After 9/11 Americans were afraid, and did what frightened populations often do: make bad decisions. Stung by the humiliation of having our towers knocked down, we attacked a smaller and weaker country for no good reason. The prospect of terrorizing other people's lives seemed insignificant next to the concerns, supported by flimsy evidence and half-baked logic, that Iraq posed a threat to the United States. The post-9/11 "unity" that is now nostalgically remembered in tributes also contributed to a suspension of our critical faculties regarding information, now known to be false, that our government was telling us about Iraq.

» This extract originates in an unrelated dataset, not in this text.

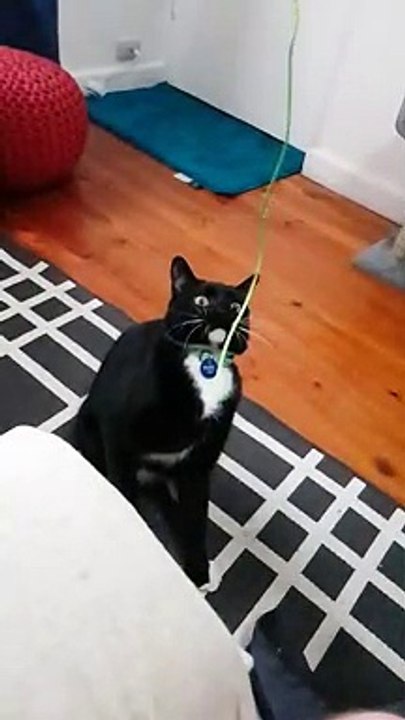 Un chat joue avec une ficelle en slow motion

And then, in 2004, we apparently cared so little about these consequences that we re-elected the people who did this.
The tragedy of 9/11 is not a uniquely American one. This is the case not only with regard to the people who died on 9/11, but also--and especially--those who have died since then. The decisions that were made in the wake of 9/11 were deadly ones, and should not be forgotten any more than the attacks themselves.
I therefore think that one of the best ways we can remember the people who died in the attacks is to also remember the many more people people who died as a result of our government's response to the attacks. 9/11 should not only be commemorated in terms of American victimization, but also as the starting point of a cycle of violence from which we have still not managed to extricate ourselves.
If there ever is another 9/11, let's hope that for the next 9/12 we'll be a lot smarter than we were for the last one.